49 - La traversée. #1 Whitney.

1 Whitney.

Il est inutile de se perdre en discours sur ce que l’on ne connaît point. Y ai-je seulement mis le pied, dans cette vallée, l’ai-je bien descendue ? J’en suis loin, je regarde encore ce matin les bords brumeux du lac depuis la terrasse du motel, et j’hésite entre la petite laine que l’air vif me suggère et la cotonnade indienne que la journée me conseille.
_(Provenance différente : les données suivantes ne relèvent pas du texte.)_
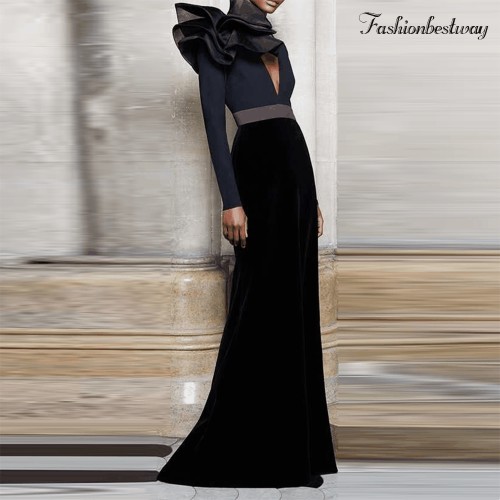 Deep V High-Waisted Long Dress For Autumn And Winter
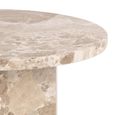 Naxos Side Table - Round - Latte Brown Marble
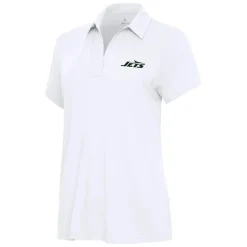 Polos^New York Jets Women's Antigua White Era V-Neck Polo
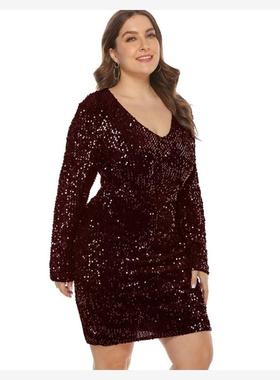 Plus Size Party Dresses Sequin Women's Sexy Night Club Dress
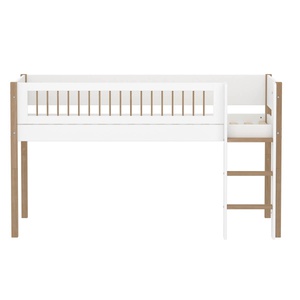 Lit mi-haut 90x200cm NOR Flexa oak Legs + Crossbars Oak Str.Ladder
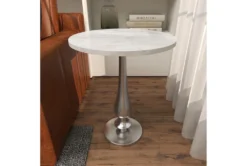 20" Round Silver And Marble Pedestal Accent Table -Living Room Furniture Shop 270032 white marble accent table room 90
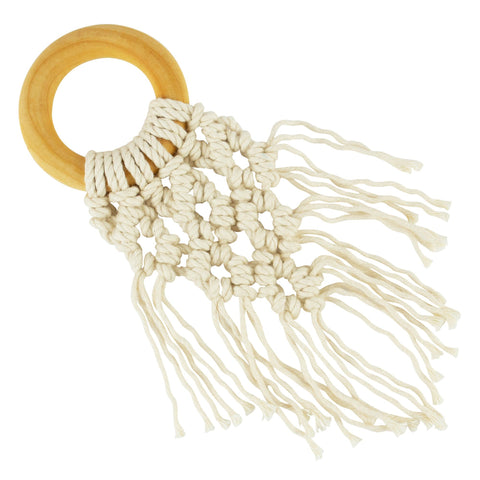 Image of Organic Macrame Wooden Teether Toy with Food-Grade Cotton Toy Sweetbottoms Naturals Lilly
Enfin nous sommes partis de Lee Vining. Tu te souviens de Lee Vining, depuis le temps : nous n’avions pas commencé notre marche vers l’abîme et nous rêvions encore. La grand-route nous montrait le chemin du Sud, alors va pour le sud, camarade. Nous avons longé de vrais lacs, nous avons traversé des villes ignorées, nous avons franchi un col qui ne ressemblait pas à un col, une très vague montée suivie d’une descente imperceptible, faux plat contre faux plat, un changement de pente nommé Deadman Summit.

Le sommet de l’homme mort, voilà qui commençait bien l’aventure annoncée. Deux mille quatre cent quarante neuf mètres, histoire de rester sous les deux mille cinq cents pour ne vexer personne. Juste un prétexte pour entrer dans l’Owens Valley. Les panneaux indiquent déjà que Los Angeles est tout droit devant, mais nous n’irons pas à Valparaiso ni à Los Angeles. Il faudra détourner le regard et le catxcat, plonger dans l’enfer.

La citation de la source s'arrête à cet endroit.